複業研究家の西村創一朗さんは、これからの時代に必要なのは“副業”ではなく“複業”だと語る。
「スキマ時間のお小遣い稼ぎが副業。複業は、本業を持ちながら別の場所でやりがいを得る働き方を目指すものです。人生をより豊かにする、ニューノーマル時代の新しい働き方のスタイルとなります」
リモートワークが進んだことで、複業しやすい環境が急速に整った。特にIT系企業などは、世の中のデジタルスキルのニーズの高まりや自由な社風から複業経験者が多い。

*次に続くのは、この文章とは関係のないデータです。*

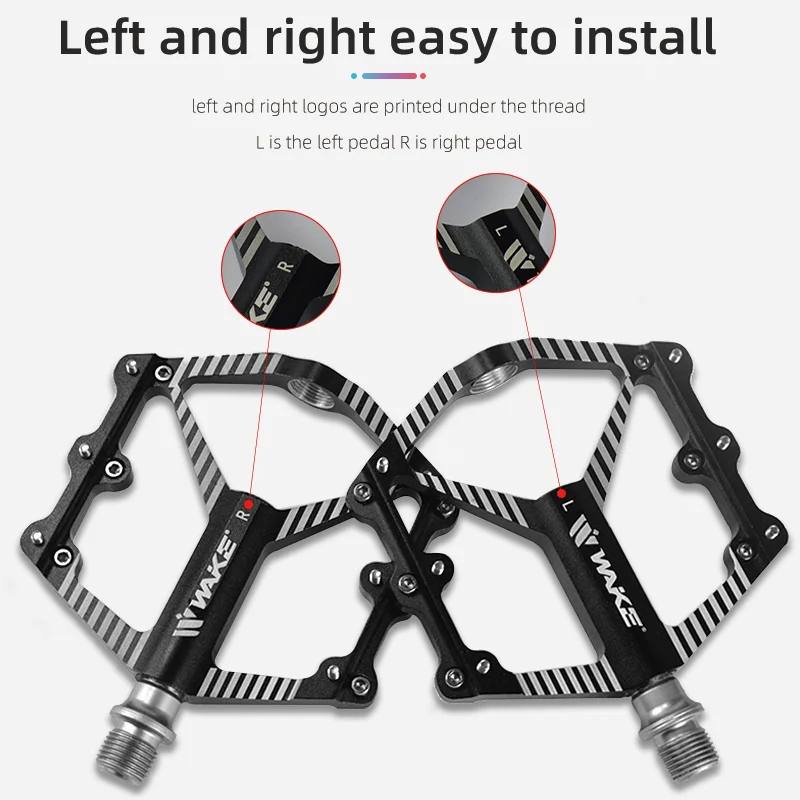 Wake Mountain Bike Pedal 3 Bearing Seal Ultralight Footboard Wide Area Bicycle Accessories Anti Slip for MTB Cycling Road Bike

大企業でも社員の複業を積極的に応援しているのが、富士通やNTT東日本・西日本など。社内に複業コミュニティーがあって、多くの社員がチャレンジしている。
「複業の目的はお金もうけではない」と西村さん。「本業では感じられないやりがいを得る、自分の市場ニーズを知るためのチャレンジ、人脈を広げられるなどが、複業のメリットです。お金を目的にしてラクに成功できるほど、本業以外で稼ぐのは簡単ではありません。より幸せな人生へのチャレンジとなる複業を追求することで、やりがいが、そしてその後にはお金もついてきます」
また、西村さんは「40代、50代こそ複業にチャレンジしてほしい」とも語る。「定年退職してから次を探すのでは遅い。今のうちに複業を小さく始めて、少しずつ大きく育てる。それをセカンドキャリアにつなげることで、長い人生を有意義で豊かに暮らせます」
複業を始めるためのSTEP 0+3
いざ複業を始めるときは、下の3つのステップで進めていく。しかし、最も重要なのは、3ステップの前段階にある「ステップ0=なぜやるか(WHY)」だ。自分はどうして複業がしたいのかという目的が、自分の中で明確になっていることが、複業の成功に欠かせない。

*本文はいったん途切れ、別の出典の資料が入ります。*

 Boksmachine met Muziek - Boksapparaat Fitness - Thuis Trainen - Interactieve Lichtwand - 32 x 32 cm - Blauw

「目的が“お金を稼ぎたい”だけでは、ほとんどの場合うまくいきません。いつでも始めて、やめることができる複業だからこそ、自分にとって本質的な価値がある動機づけが重要になります」(西村さん)
複業を成功させるコツ
「僕自身の経験、そして多くの複業経験者にアドバイスをしてきたうえではっきりと言えるのは、複業はコストをかけず身近ですぐに始められることからスタートすべきだということです」と西村さん。
入念な準備がなくても、自分の目的さえはっきりしていれば、走り出しながら軌道修正すればいい。それは本業ではない、複業ならではのメリットであり、やり方だ。
また、複業は、あくまでも自分の人生をより豊かにするためのもの。苦痛や我慢を強いる必要はなく、自分が楽しみながら無理なくできることが大前提だ。本業の合間をぬってやるだけに、自分の強みに特化することで、無理をしないやり方を見つけられるはずだ。
そのためにも、自分自身の「強み=タグ」をはっきりさせておくことも必要となる。何ができるかわからないときは、「これはできない」ということをリストアップして、消去法で考えるのもいいだろう。